Data for analysis
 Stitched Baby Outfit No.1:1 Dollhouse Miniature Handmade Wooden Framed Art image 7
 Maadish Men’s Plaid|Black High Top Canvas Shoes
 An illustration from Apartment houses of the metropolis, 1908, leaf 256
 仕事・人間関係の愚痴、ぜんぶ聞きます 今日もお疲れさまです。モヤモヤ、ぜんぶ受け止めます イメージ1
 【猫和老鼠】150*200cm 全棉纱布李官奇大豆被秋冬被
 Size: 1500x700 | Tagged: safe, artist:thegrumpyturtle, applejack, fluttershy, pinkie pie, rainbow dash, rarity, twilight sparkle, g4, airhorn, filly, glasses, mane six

* * *

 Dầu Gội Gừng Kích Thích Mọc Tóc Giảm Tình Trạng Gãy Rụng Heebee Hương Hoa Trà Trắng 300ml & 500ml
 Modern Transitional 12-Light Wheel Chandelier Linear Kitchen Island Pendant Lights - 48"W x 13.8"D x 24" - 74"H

Work task
Beginning with the line containing "Dầu Gội Gừng" and ending with the line containing "Modern Transitional 12-Light", extract those lines exactly from the listing above, and only those.

Task result
 Dầu Gội Gừng Kích Thích Mọc Tóc Giảm Tình Trạng Gãy Rụng Heebee Hương Hoa Trà Trắng 300ml & 500ml
 Modern Transitional 12-Light Wheel Chandelier Linear Kitchen Island Pendant Lights - 48"W x 13.8"D x 24" - 74"H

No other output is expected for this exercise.